Acts 2:1-11; Psalm 104:25-37; 1 Corinthians 12:4-13; John 20:19-23

What do you get when you cross a New Yorker with someone from the Massachusetts coast and then send them to raise a family in the Deep South? A friend recently emailed me a link to an online quiz called, “What American Accent Do You Have?” She’s from Minnesota, and was indeed rated as having Midlands accent, which the quiz said was the same thing as having no accent at all. I started answering the questions: “When you say the words ‘c-o-t’ and ‘c-a-u-g-h-t’, do they A) sound the same, B) sound different, or C) sound the same-ish, but a little different?” How about ‘d-o-n’ and ‘d-a-w-n’? What about ‘M-a-r-y’, ‘m-e-r-r-y’, and ‘m-a-r-r-y’?

Now, while my dad grew up in New York and my mom’s parents also met up North, their entire married life was spent down South, and I have lived all but three years of my life in the South. So of course, when I clicked the button to submit my answers, I was rated as having a...Boston accent. I don’t hear it, but then again maybe this could explain why I’m far more likely to dump out a glass of iced tea than to drink it...

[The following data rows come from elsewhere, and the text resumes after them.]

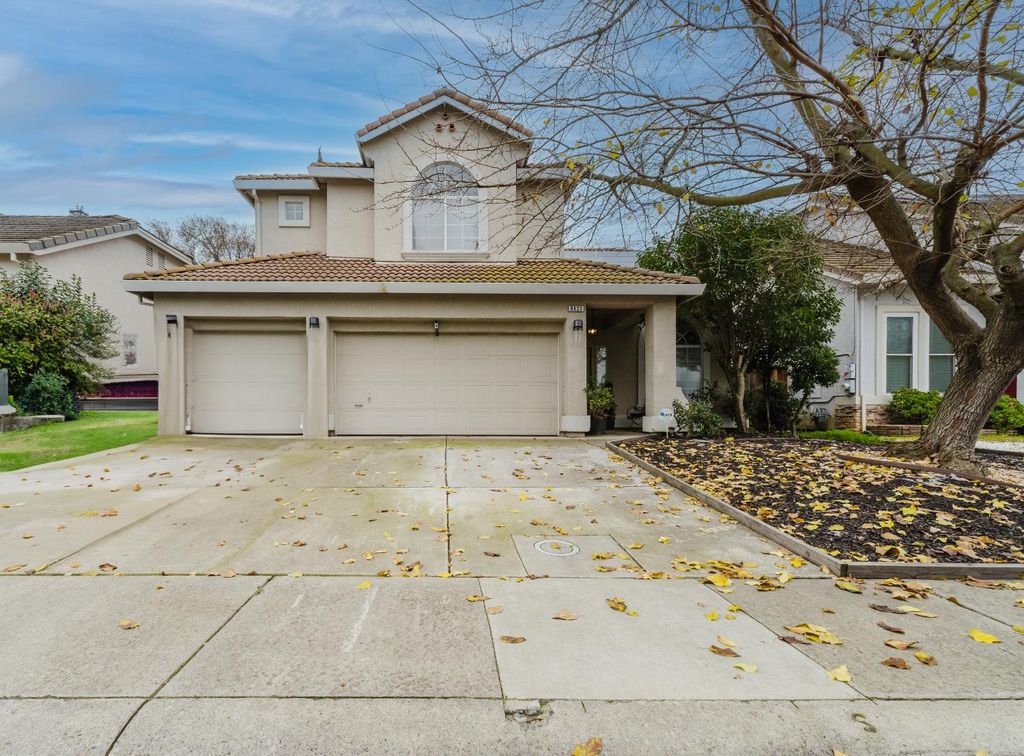 8825 Sheldon Creek Dr, Elk Grove, CA 95624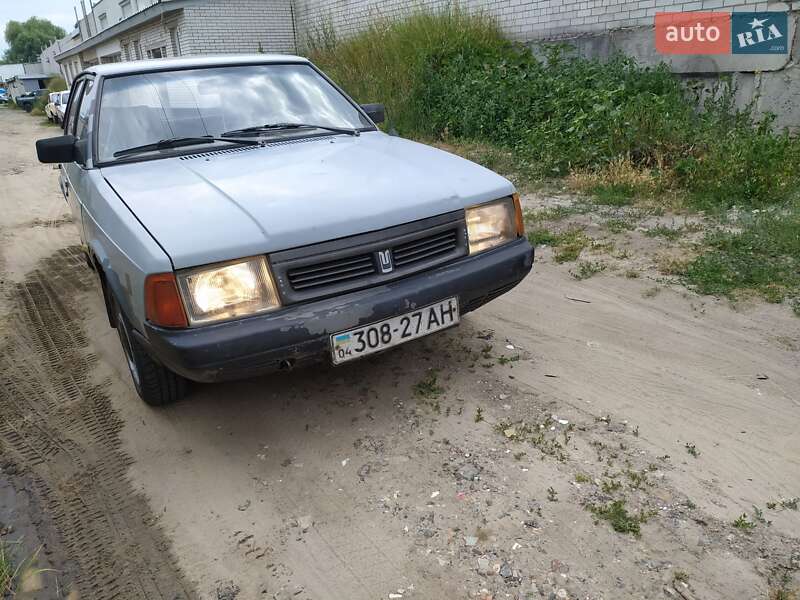 Хэтчбек Москвич/АЗЛК 2141 1992 в 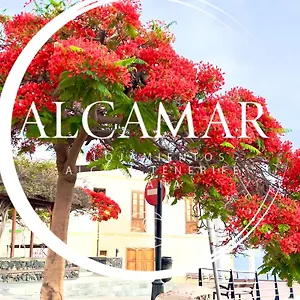 Alcamar Privada Con Areas De Sala, Cocina Y Bano Que Se Comparten Cerca Al Mar! , Alcala (Tenerife) Spain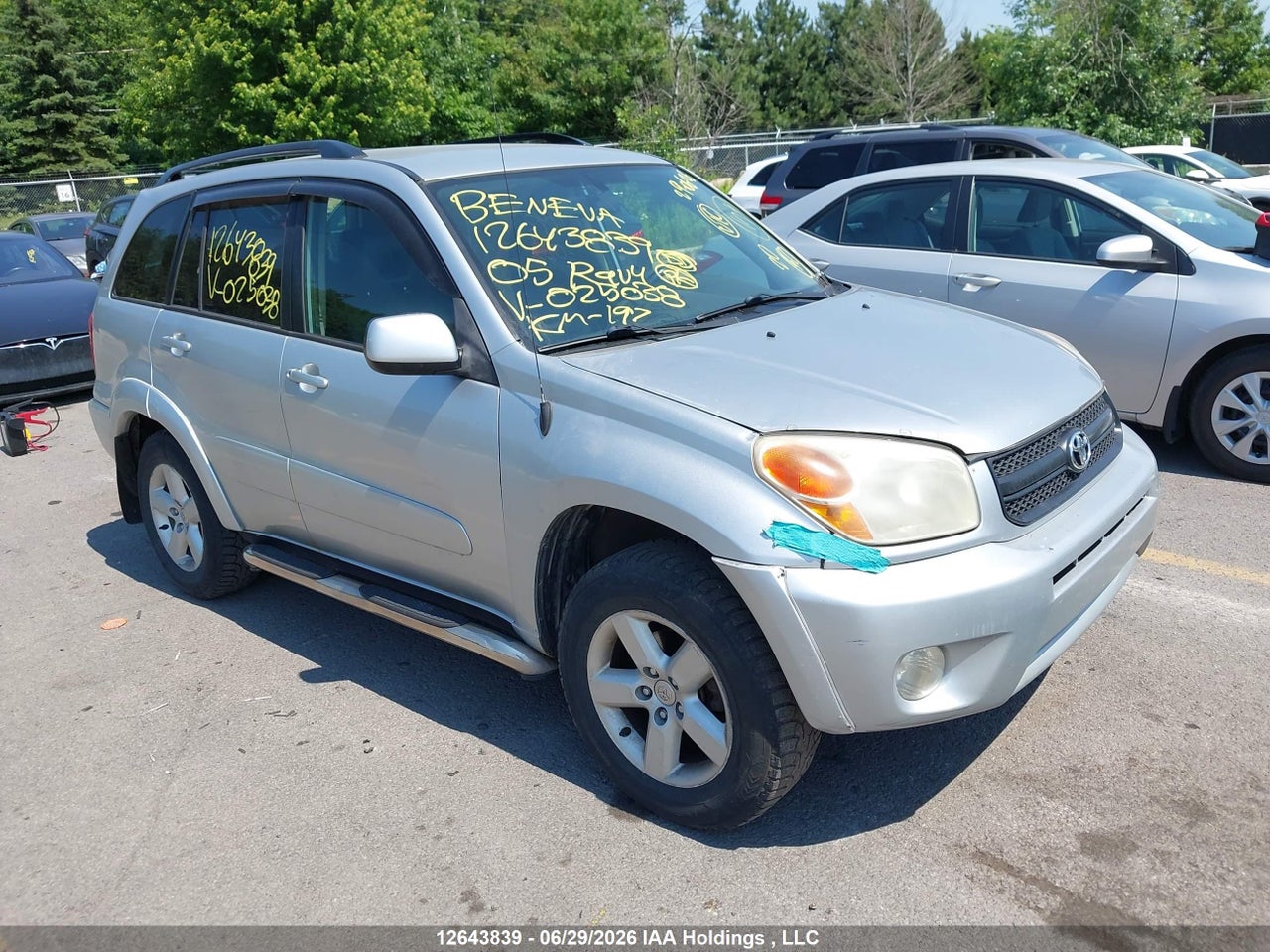 JTEHD20V756025038 · 2005 TOYOTA RAV4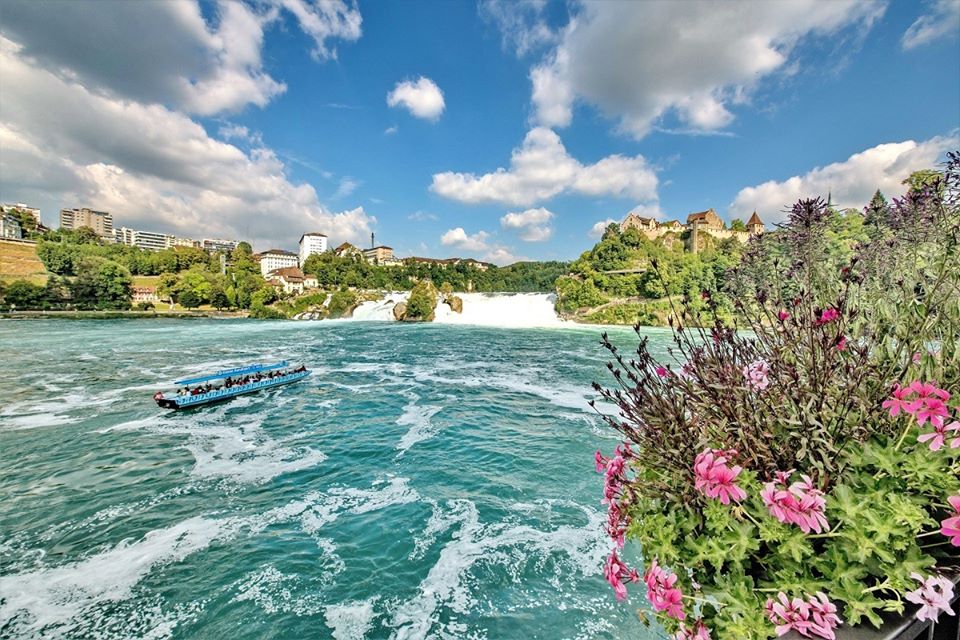 SwissByNewgens's tweet photo. น้ำตกไรน์ #RhineFall น้ำตกที่ใหญ่ที่สุดในทวีปยุโรป https://t.co/I2peK6Ksyt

Most of the time (myself apparently an exception) the language that we speak, or the dialect within a language, or the accent that shapes our sounding out of words shapes also who we are, how we fit in the cacophony of humanity. Listen to someone speak, and if you’re well-trained in linguistics or at least in stereotypes, you can probably guess where that person is from, sometimes down to a very small geographic area. In 1951, linguist Robert Pittman classified 46 distinct languages in a work he called his “ethnologue”. Today’s 15th edition of that work documents nearly 7300 distinct languages worldwide. Of those, almost 500 are threatened with language extinction, because fewer than 50 people speak them.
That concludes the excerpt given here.